Post patio break we stepped back into a now packed venue and we were bombarded shortly thereafter with a shattering wall of sound accompanied by flailing hair, clanging tambourine and the instantly engaging and determined vocals of 16-year-old singer, Chloe Chaidez of Kitten. For such a physically small and young band they sure had a lion, once could even say liger-like roar of a sound. Their set included songs such as “Kill the Light,” “Chinatown” and my emerging favorite “Kitten with a Whip,” off of their Sunday School EP. Chloe’s smartly placed occasional squeaks and yips interlaced with mature lyrics combined with the raw energy and outgoing stage presence of both her and the band, reminded me of a mix of a less drastic Karen O of The Yeah Yeah Yeahs and Be Your Own Pet, another notoriously young band that hit the indie music scene running.
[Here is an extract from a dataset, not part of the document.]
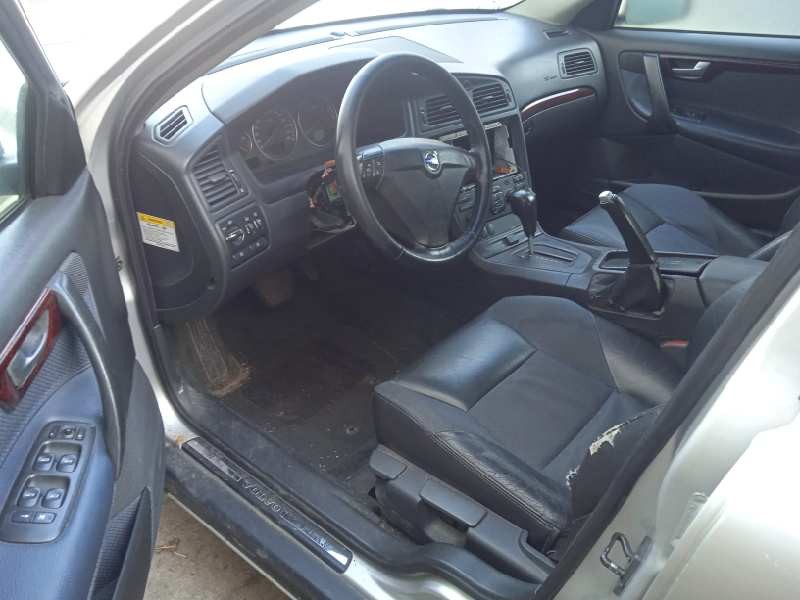 volvo s60 berlina del año 2003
Though the crowd seemed planted to the ground for most of the show, sticking to head bobbing and picture taking, Kitten’s infectious energy transferred over to to some show-goers. A friend got up on stage to dance and Chloe definitely earned brownie points in my book for dancing on top of the drum set like Beach Party Annette Funicello gone wild. This is KITTEN and they won’t let you forget it. Meow!
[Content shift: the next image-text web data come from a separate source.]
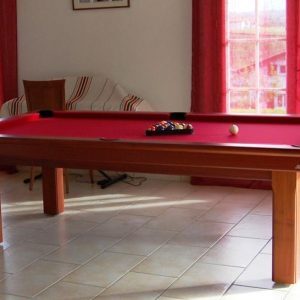 Orion merisier et drap rouge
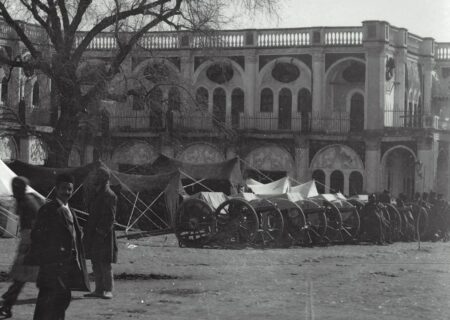 سفر به تهران قدیم؛ توپ‌ها در میدان توپخانه تهران (عکس)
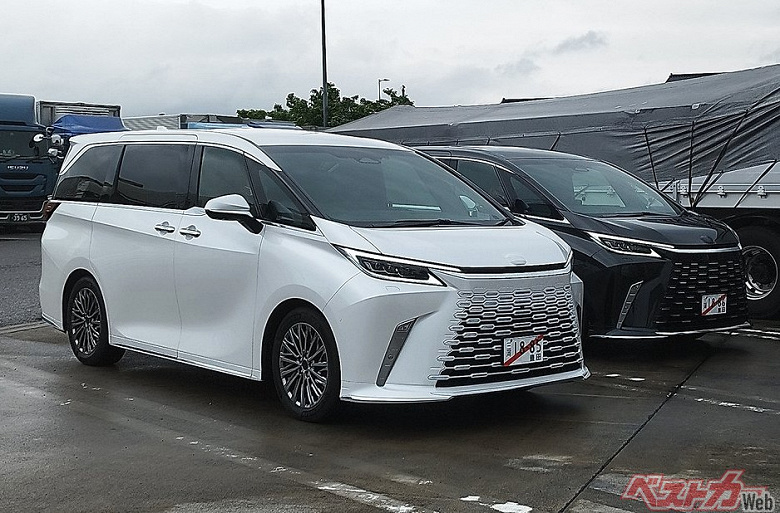 Роскошнее Toyota Alphard, с новыми моторами и 48-дюймовым экраном в салоне. Новый Lexus LM засветился в Японии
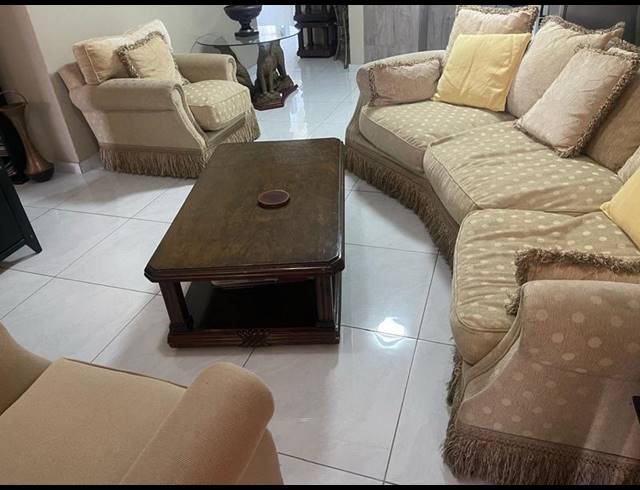 3 BEDROOM TOWNHOUSE FOR SALE IN OAKDENE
Last up were headliners, The Postelles! These NYC boys just recently released their self-titled debut album on June 7. They played several songs from their Albert Hammond Jr. (The Strokes, as if you didn’t know) produced gem, including “123 Stop,” “Sleep on the Dancefloor” and “Can’t Stand Still.” In the middle of their set they busted out a sweet new song but no title was given, so even though they just came out with their debut album they seem to already be on their way to releasing their sophomore follow up and let’s hope they don’t wait too long! Their catchy hooks and melodies, reminiscent of 60s rock and girl groups, quickly eased me into their retro groove.
The Postelles amped up some of the robots in the crowd, with a cover of “California Sun” by the Rivieras. However they took it a bit far by egging on the crowd to show their L.A. pride with a short N.Y. vs L.A. interlude, which I found to be overkill and unnecessary. L.A. is great and I’m glad they seemed to be enjoying their time in town but no need to feed the ego or engage a musical version of the Dodger Stadium attack. Luckily they shortly got back to what they do best, MUSIC. They followed with one of my favorite tracks off the new album, the super catchy, head bobbing inducing “Hey Little Sister.” A chorus of girls behind me were also revved up for this one and piped in with the ”Hey Little Sister” call and response. If 60s girl groups were actually in fact boys and played all their instruments but shopped at Urban Outfitters and Fred Perry they just might be The Postelles. This band is a trip down memory lane with a modern edge, minus the big hair (but if lead singer, Daniel Balk wants to grow a fro…..just sayin….).